“Quer saber como compor uma música?”, oferece Nick Cave, cantor, compositor, poeta e escritor australiano. Soa como um desafio, o início para uma viagem cabeça adentro do músico, desvendado camadas e mais camadas de quem é Nicholas Edward Cave, apresentado em 20.000 Dias na Terra, que estreia nesta quinta-feira, 12, nos cinemas. É dirigido por Iain Forsyth e Jane Pollard, dois artistas vanguardistas britânicos com quem ele trabalhou em 2008, em videoclipes dos singles do álbum Dig, Lazarus, Dig!!!, como More News From Nowhere e Midnight Man.
A relação de confiança entre personagem e diretores criou o laço sentido a quem assiste ao documentário, que passeia entre a linha de realidade e ficção, como se ela não existisse. “Quando Nick estava prestes a gravar o mais recente disco dele (Push the Sky Away, de 2013), ele nos ligou”, recorda Forsyth. “Ele perguntou se gostaríamos de ir acompanhá-lo. E, no fim, disse: Vocês querem trazer a câmera? Isso surpreendeu a gente.”

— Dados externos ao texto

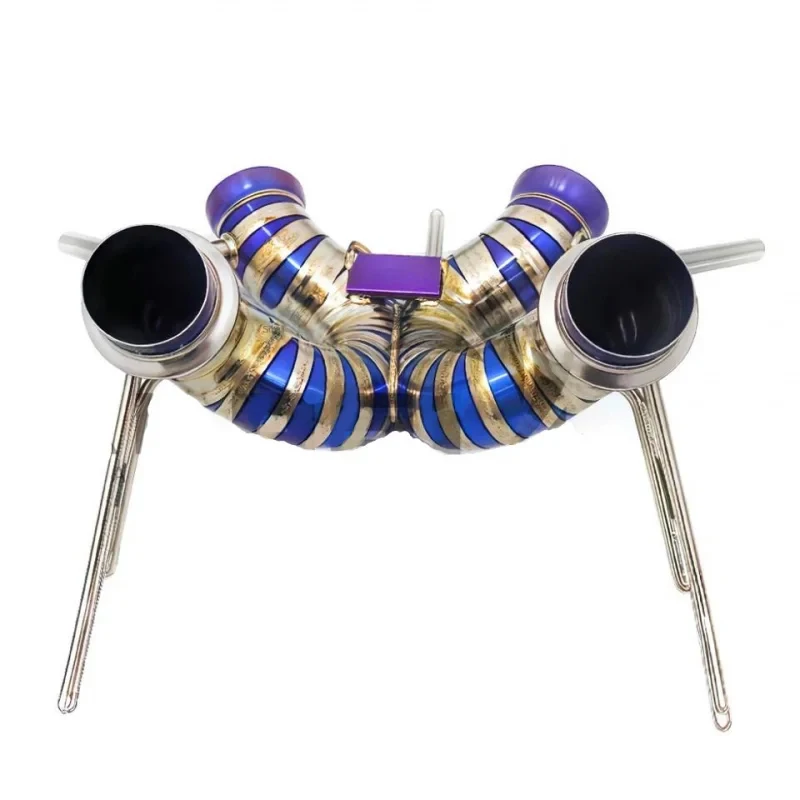Suitable Cuski Factory Direct High Performance Alloy Straight-Through Catback Muffler| Customizable 600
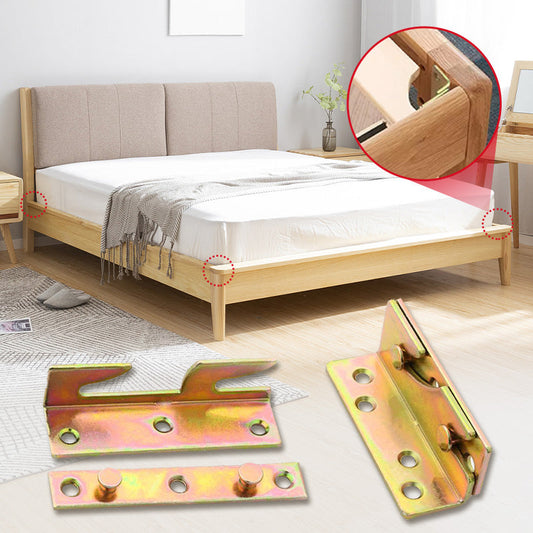 🔩 50% RABATT! 🛏️ Kraftiga Sängskenebeslag – Stabil & Hållbar, Enkel Montering & Förstärker Din Säng 🛠️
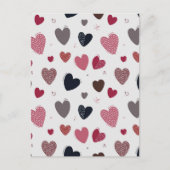 Harten 3 feestdagenkaart (Voorkant)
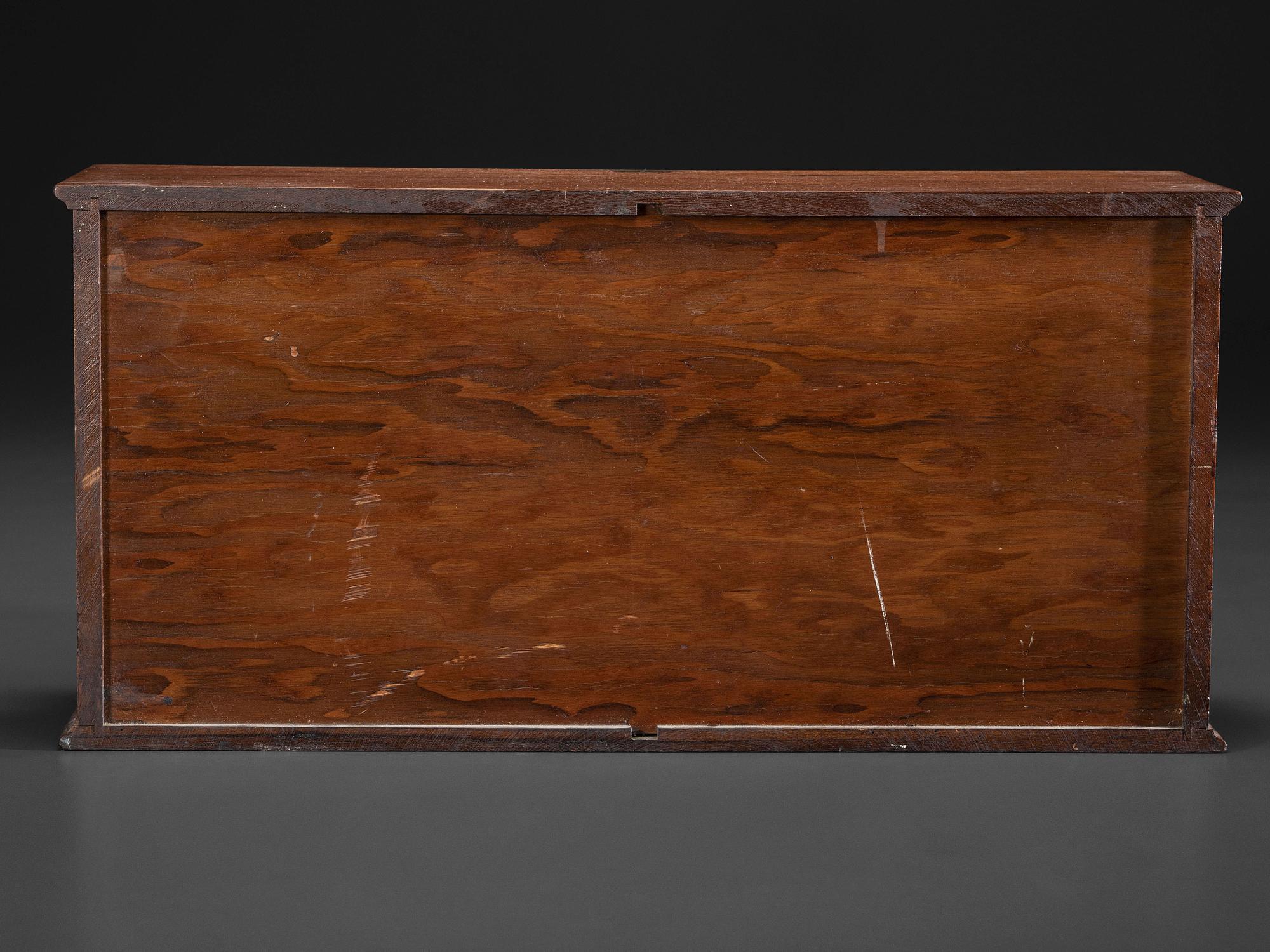 An Oak Watchmaker's Storage Chest
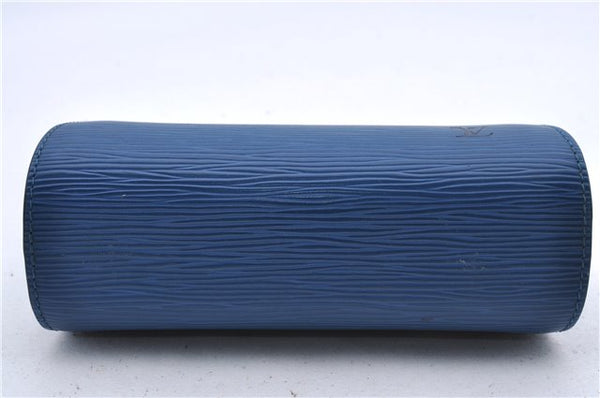 Authentic Louis Vuitton Epi Dauphine Cosmetic Pouch Blue M48445 LV 0538D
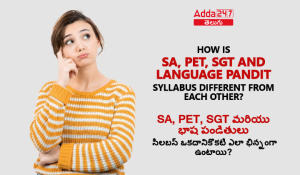 How is SA, PET, SGT and Langauge Pandit Syllabus different from each other?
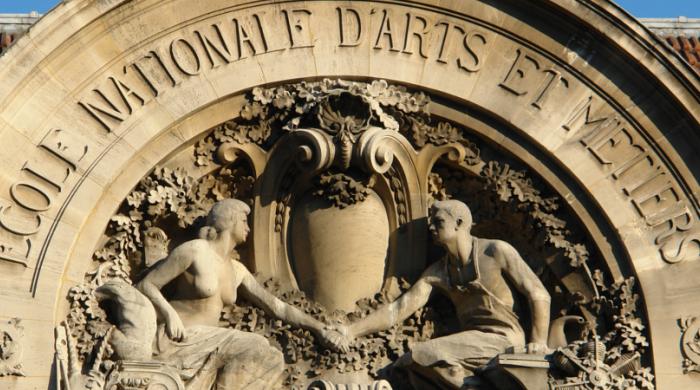 Visuel présentant la façade de l'établissement du campus Arts et Métiers de Paris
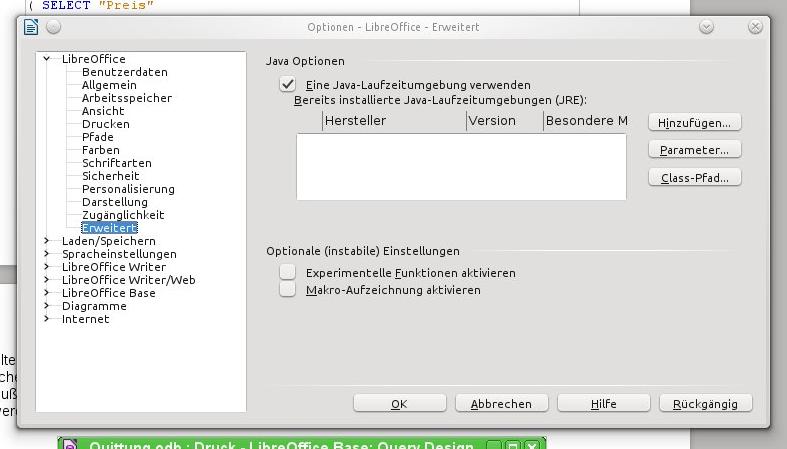 LibreOffice 4.0 Java JRE nicht geladen.jpeg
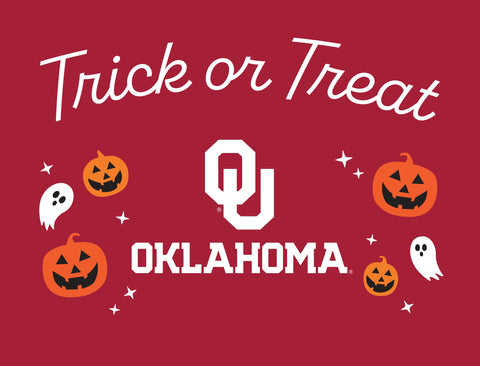 Oklahoma Halloween Trick Or Treat Yardsy Sign
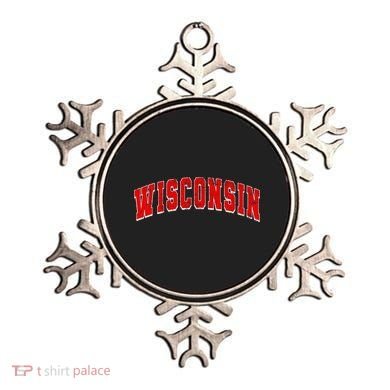 Wisconsin Throwback Design Classic Ornament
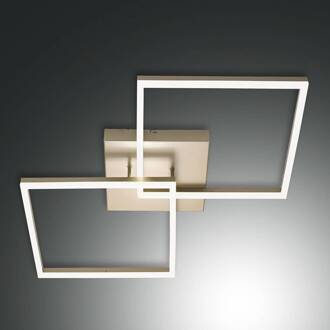 Gouden LED plafondlamp Bard goud edel mat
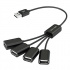 Vorago HUB HU-101 USB 2.0, 4 Puertos, Negro  2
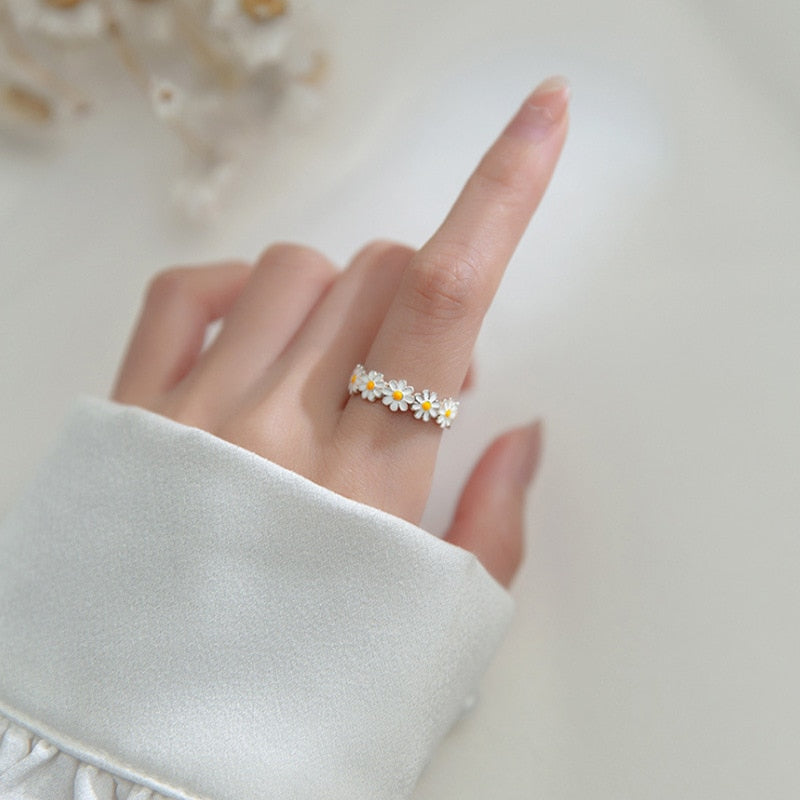 Charming & Chic Bague Fleur Marguerite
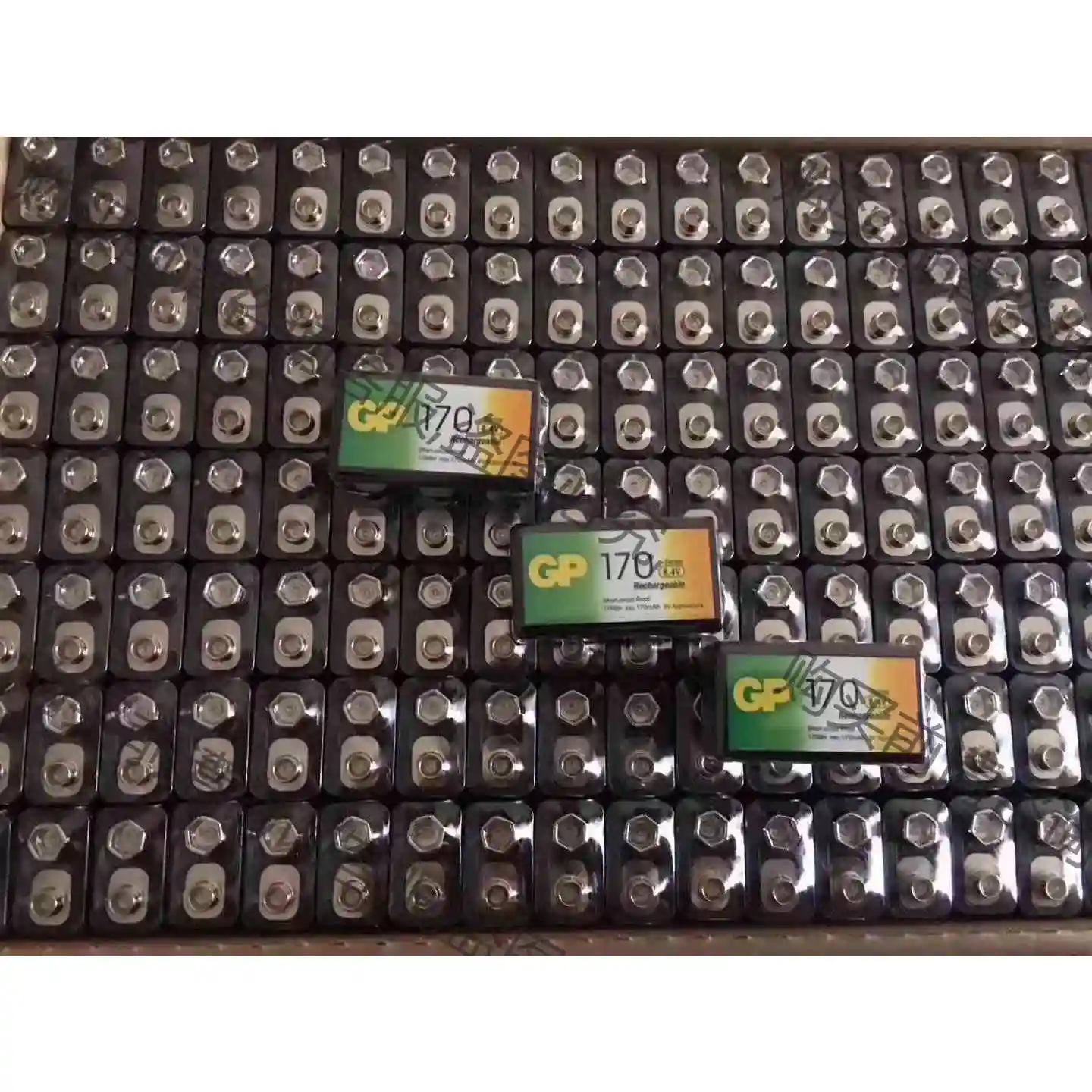 原装GP超霸 9V充电电池 170mAh,8.4V电镍氢充电 议价产品 原装拆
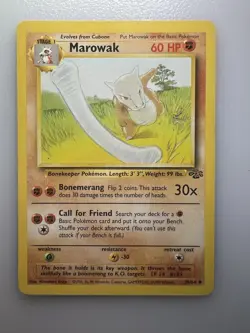 Marowak 39/64 - Uncommon - WoTC Vintage Jungle Set Pokemon Card LP - Image 1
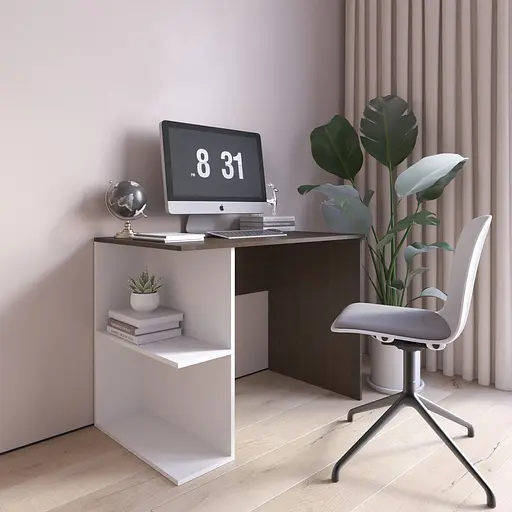 Компьютерный стол Vays D-7, письменный, с полками налево, ЛДСП, 100×60×76 см - для дома, офиса, учеба - фото 7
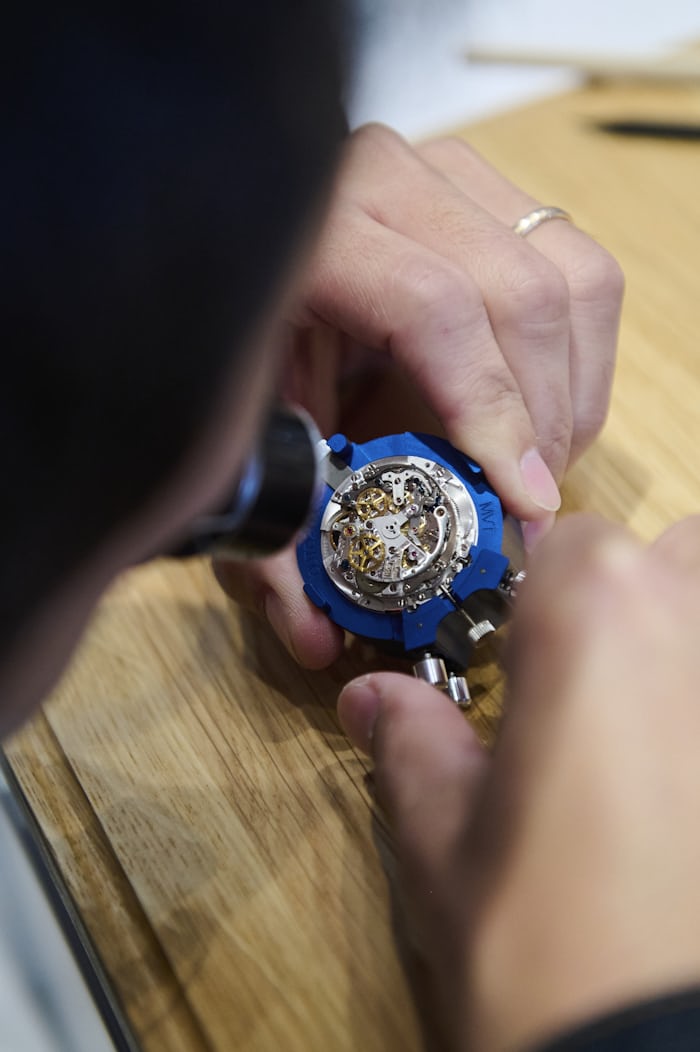 Working on watchmaking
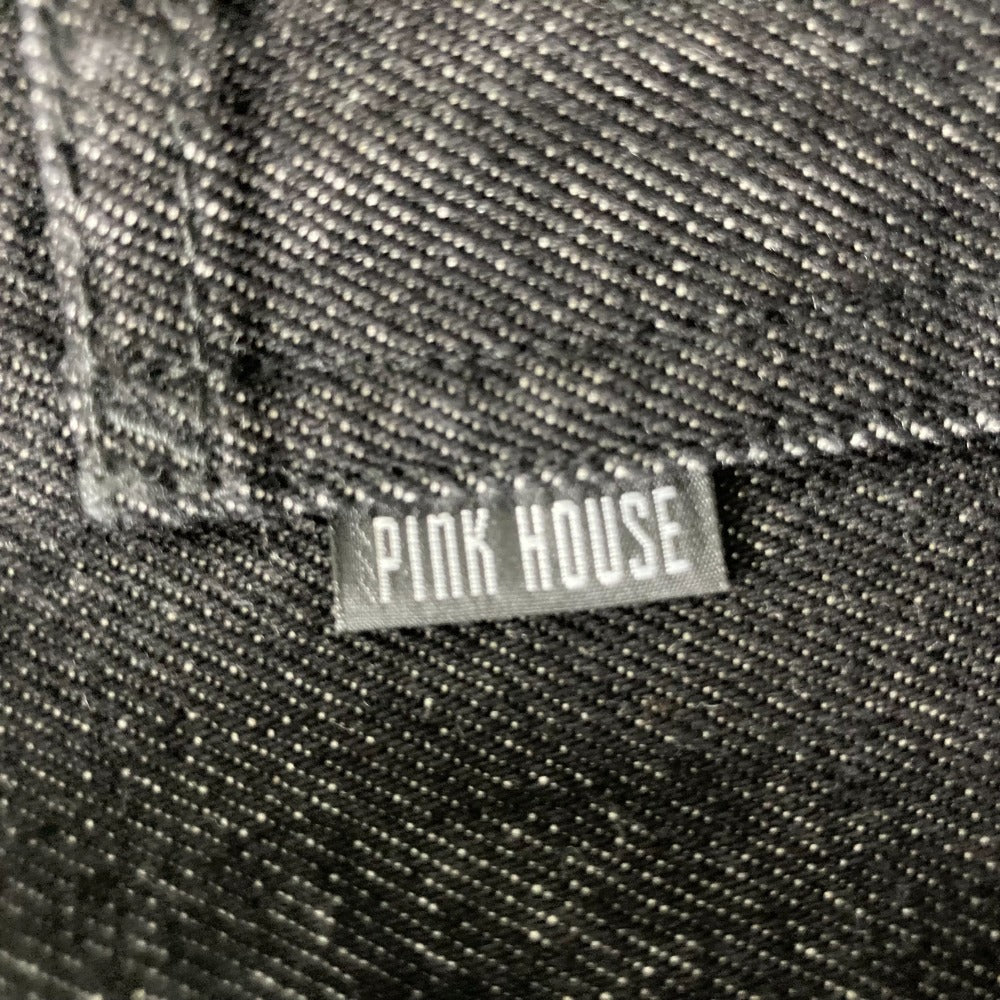 PINK HOUSE ギンガム パッチワーク デニム パンツ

Nick Cave, aos 57 anos, acostumado com os estúdios desde 1973, nunca foi adepto de quebrar o caráter sagrado do momento de gravação. “Fomos ali de forma despretensiosa, sem saber o que faríamos com aquele material”, completa Forsyth.
Nick Cave: 20.000 Dias na Terra foi indicado na categoria de Melhor Documentário do Bafta, Oscar britânico, mas não se encaixa perfeitamente na definição do gênero – o que também era o intuito dos diretores. “Existe uma linha entre ficção e realidade no filme? Eu não consigo enxergar”, analisa Pollard. “Vemos muito documentários musicais sobre determinado disco. Mas eles são perecíveis. Eles se tornam passado juntamente com o álbum. Em alguns meses, desaparecem. Queríamos algo que fosse mais longe.”
O longa vive sob a proposta da criatividade dos diretores e Cave, sem roteiro e textos predefinidos. “Nick é um dos artistas mais progressivos vivos atualmente. Tínhamos apenas uma ideia do que seria a cena, mas a deixávamos aberta para a criação”, diz Pollard.
Em uma das cenas mais perturbadoras – e reveladoras – a respeito de Cave, o músico se encontra diante de um psicanalista, e assuntos como drogas, infância e relacionamentos com a família são colocados à mesa, sem pudor ou medo. “Gravamos em dois dias”, conta a diretora. Os minutos de conversa na tela foram editados a partir de 10 horas de material, em diálogo franco.
Nick Cave se mostra como um personagem que engoliu a própria pessoa física, desde a infância e adolescência, caçado pelo espírito subversivo e animal de escrever e compor.
Trechos narrados pelo próprio artista também foram criados como pequenas pensadas dele. A partir das propostas dos diretores, foram construídas singelas narrativas ora substanciais, ora fugazes, como crônicas cotidianas da vida de um músico australiano que vive na costeira cidade de Brighton, na Inglaterra.
“O importante, para nós, era não fazer um filme apenas para o público de Nick Cave”, diz Forsyth. “É um filme sobre a criatividade.”
E, para Cave, como ele mesmo explica no filme, a criatividade é contraposição de duas criaturas distintas, como o rock star e o homem comum. “Para compor, contraposição é a chave. Coloque duas imagens díspares e veja se sai a faísca”, explica ele. “Como: coloque no quarto, uma criança e psicopata mongol. E espere para ver o que vai acontecer. Se nada mudar, mande um palhaço para dentro do quarto, em um quadriciclo. Se isso não funcionar, atire no palhaço.” As informações são do jornal O Estado de S. Paulo.